:: DATASET RECORDS ::
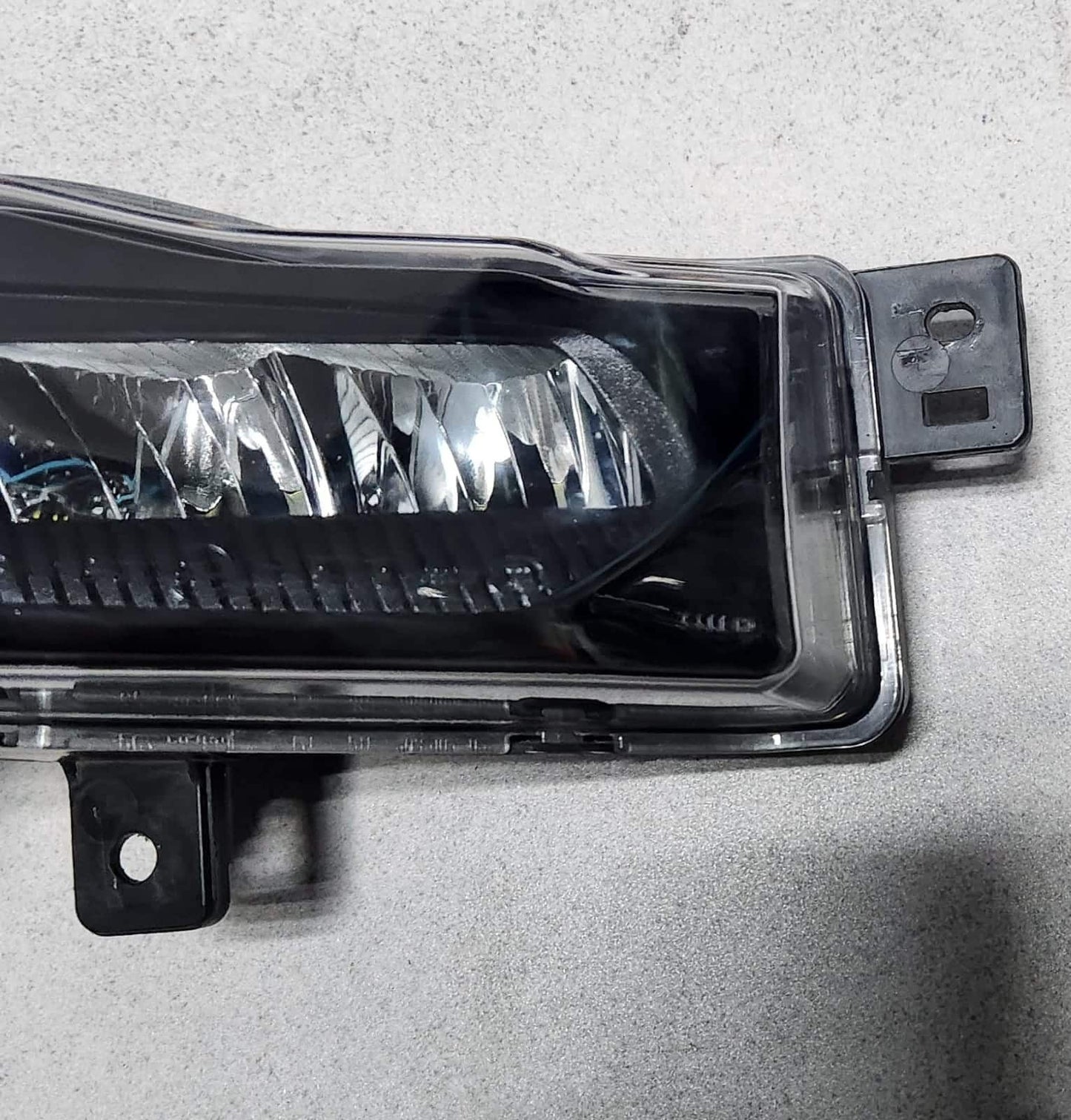 2019-2021 BMW X3 Front Right Fog Light 9492772 X3 G01 OEM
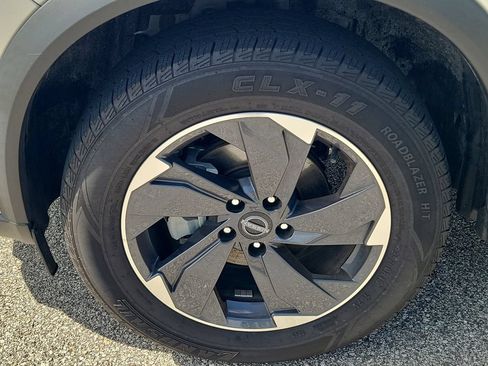 Used 2024 Nissan Rogue SV FWD image 7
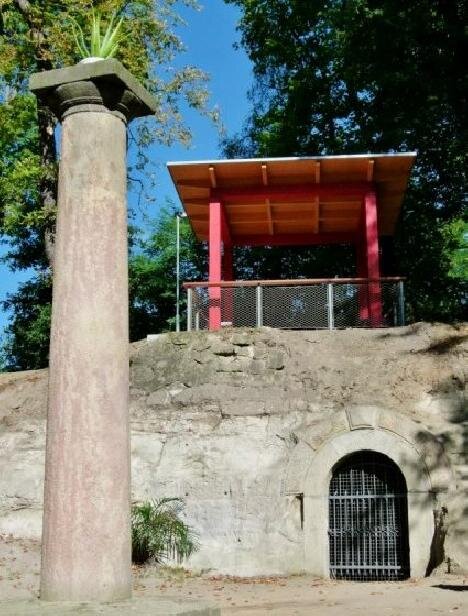 Pod altánem Chotkova sedátka byla v minulosti do skály vytesána také poustevna. 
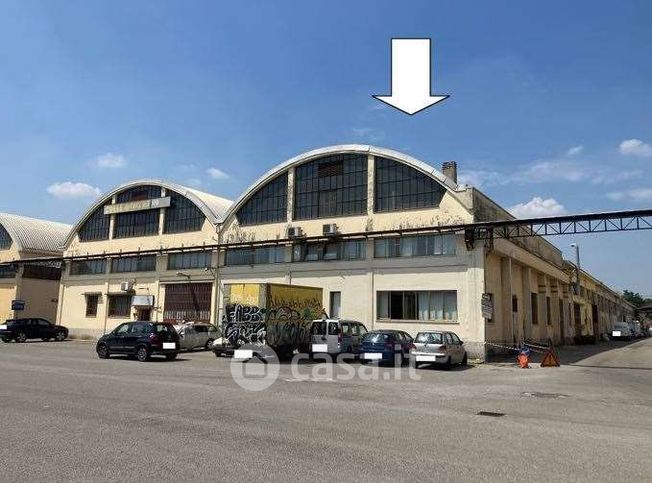 Capannone in commerciale in Via Padana Superiore 317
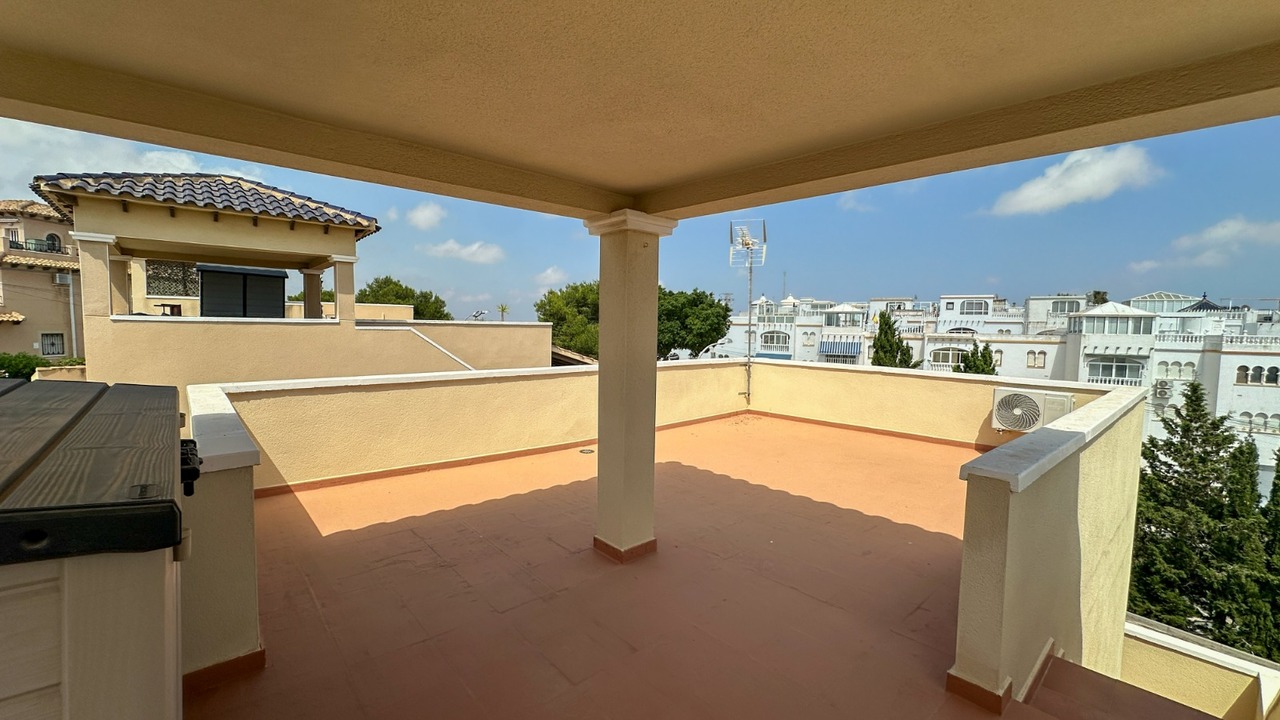 26u209z0951 Villa in Villamartin, Alicante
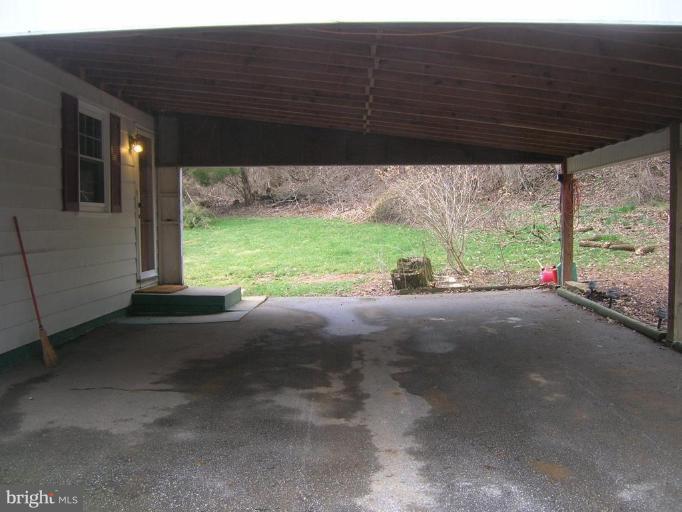 3508 Old Hanover Road Westminster, MD 21158 - Photo 3 of 28 CAR PORT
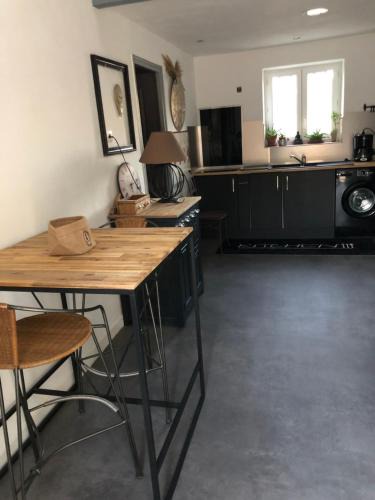 Entraigues-sur-la-Sorgue Apartment | Ferigoules #festivalavignon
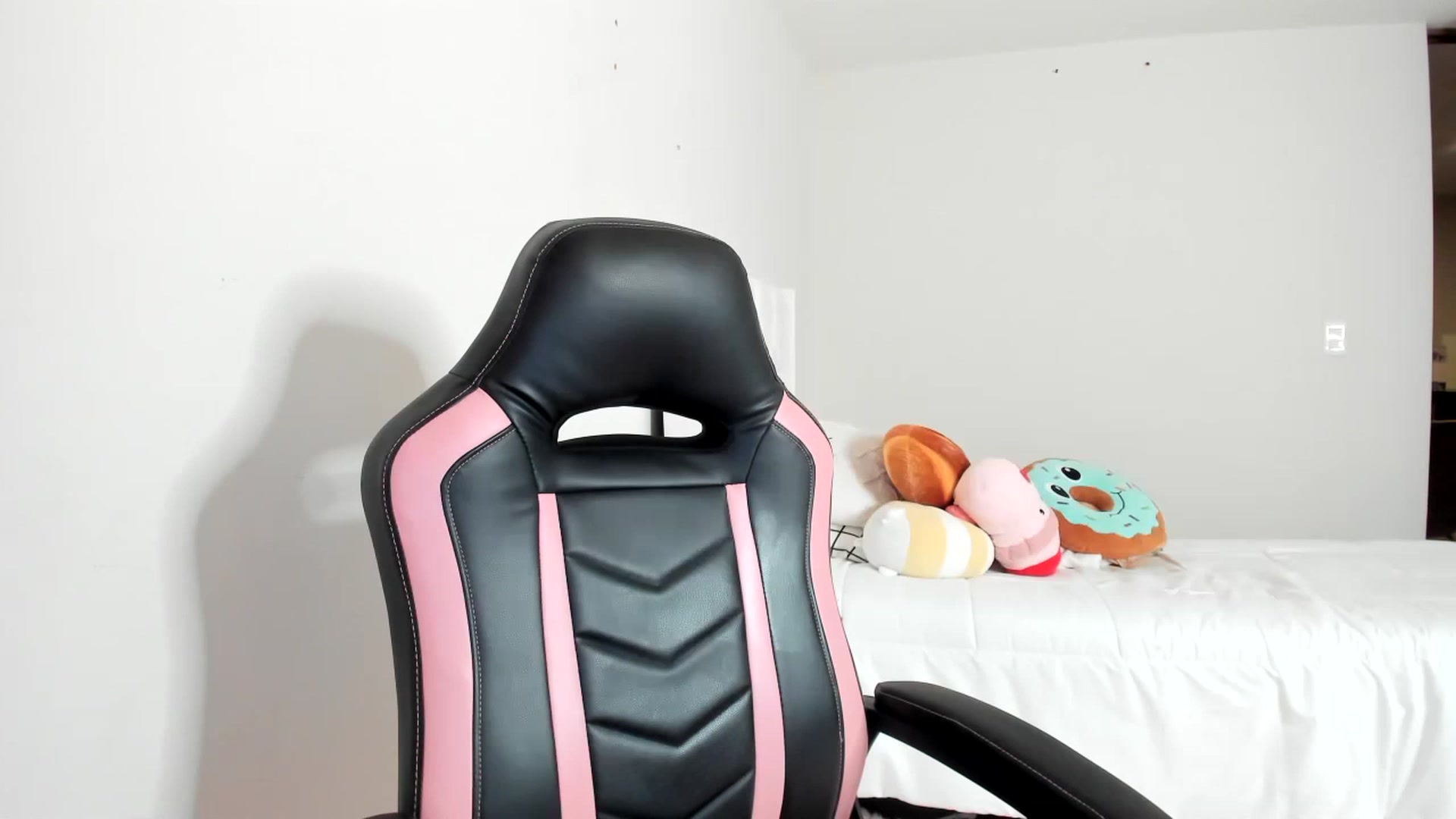 Gallery image thumbnail from Cherrycute666's myfreecams stream on, 03/01/2023, 12:44 image 14 of 20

:: WHAT YOU HAVE TO DO ::
Give the records back exactly, with no pictures.

:: RESULT OF THE TASK ::
 2019-2021 BMW X3 Front Right Fog Light 9492772 X3 G01 OEM
 Used 2024 Nissan Rogue SV FWD image 7
 Pod altánem Chotkova sedátka byla v minulosti do skály vytesána také poustevna. 
 Capannone in commerciale in Via Padana Superiore 317
 26u209z0951 Villa in Villamartin, Alicante
 3508 Old Hanover Road Westminster, MD 21158 - Photo 3 of 28 CAR PORT
 Entraigues-sur-la-Sorgue Apartment | Ferigoules #festivalavignon
 Gallery image thumbnail from Cherrycute666's myfreecams stream on, 03/01/2023, 12:44 image 14 of 20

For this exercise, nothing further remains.